1. Application device for a solid-filled two-component spray foam for fire protection purposes comprising

a first pressurized can with a component A containing a polyisocyanate and a first propellant gas component,

a second pressurized can with a component B, containing at least one flameproofing agent in fine-particle form suspended in a polyol component, and a second propellant gas component,

a retaining fixture for the first and second pressurized can, with said fixture being provided with a valve receptacle for each of the pressurize cans,

an activatable discharging aid for the spray foam, said discharging aid being connected via hose lines to the valve receptacles for the pressurized cans, and

a forced mixer that mixes component A with component B when the discharging aid is activated.

2. Device according to claim 1, characterized in that component A contains a polyisocyanate or prepolymer on the basis of MDI.

3. Device according to claim 1, characterized in that component A contains a mixture of MDI isomers and MDI homologs with higher functionality.

4. Device according to claim 1, characterized in that component B contains a polyol based on glycols or glycerol or sugar-based alcohols.

5. Device according to claim 1, characterized in that component B contains a polyol mixture consisting of polyether polyols and/or polyester polyols having a mean molecular weight ranging between 350 and 7000, preferably between 800 and 4000.

6. Device according to claim 1. characterized in that component B contains water in an amount of up to 10 percent by weight, preferably of up to 4% by weight.

7. Device according to claim 1, characterized in that component B contains expandable graphite, polyphosphate, zinc borate, aluminum hydroxide, glass powder, slate, quartz sand, silicates and/or melamine in fine-particle form as flameproofing agent.

8. Device according to claim 1, characterized in that component B contains flameproofing agents in an amount of between 10 and 70 percent by weight, preferably between 40 and 60 percent by weight based on component B.

9. Device according to claim 1, characterized in that component B contains a catalyst.

10. Device according to claim 1, characterized in that the propellant gas component of components A and B contains propane, butane and/or dimethyl ether.

11. Device according to claim 10, characterized in that the propellant gas component of component A and/or B for the most part consists of dimethyl ether, with the first propellant mixture still containing isobutane and the second propellant mixture propane.

12. Device according to claim 1, characterized in that the retaining fixture is provided with a clamping aid for pressurized cans.

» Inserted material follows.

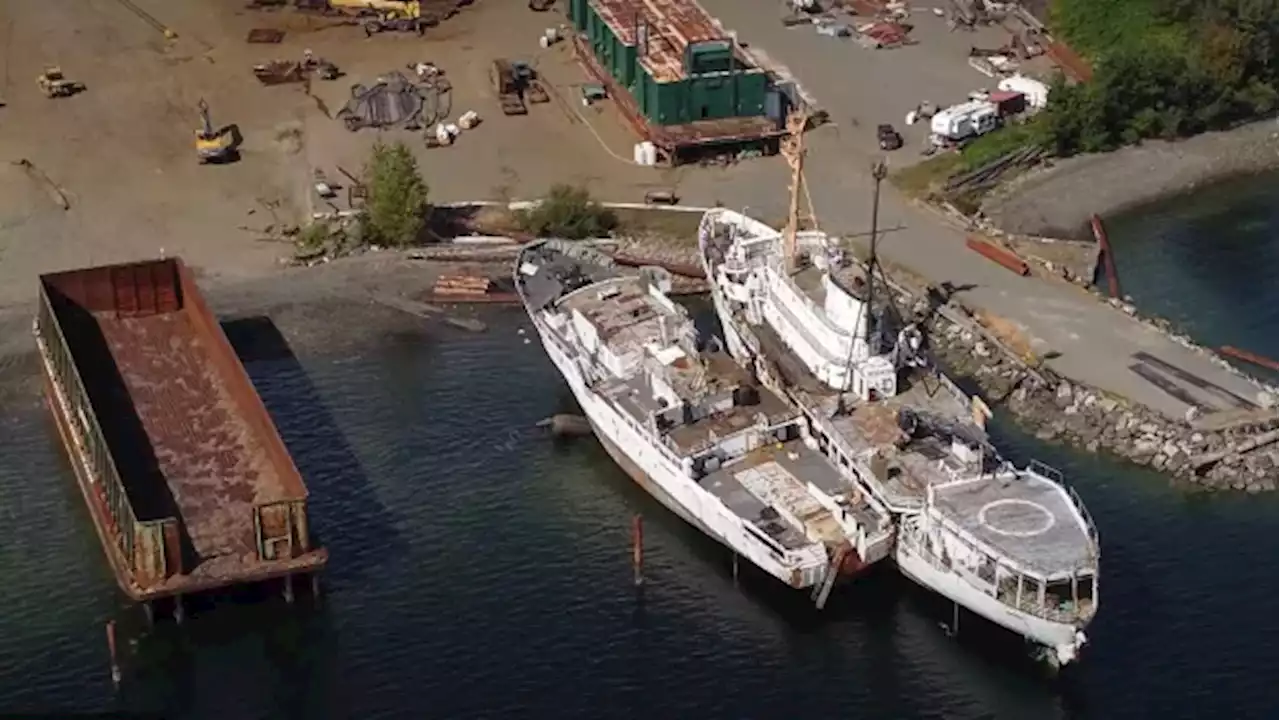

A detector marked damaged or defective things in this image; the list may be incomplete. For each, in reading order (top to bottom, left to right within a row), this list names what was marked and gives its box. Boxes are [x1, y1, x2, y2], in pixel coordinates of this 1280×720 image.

rusty barge [35, 257, 327, 609]
rusted metal hull [967, 238, 1029, 278]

13. Device according to claim 12, characterized in that the clamping aid is designed as screw spindle by means of which pressure can valves are impressed into receptacles for activation.

14. Device according to claim 1, characterized in that the discharging aid is designed as spraying element or as application tube.

15. Device according to claim 14, characterized in that the discharging aid is provided with a trigger.

16. Device according to claim 1, characterized in that the discharging aid has bores of different widths for the components A and B as required by and suited for the respective viscosities.

17. Device according to claim 16, characterized in that the size of the bores for component A ranges between 0.3 and 2.0 mm and for component B between 1.5 and 4 mm.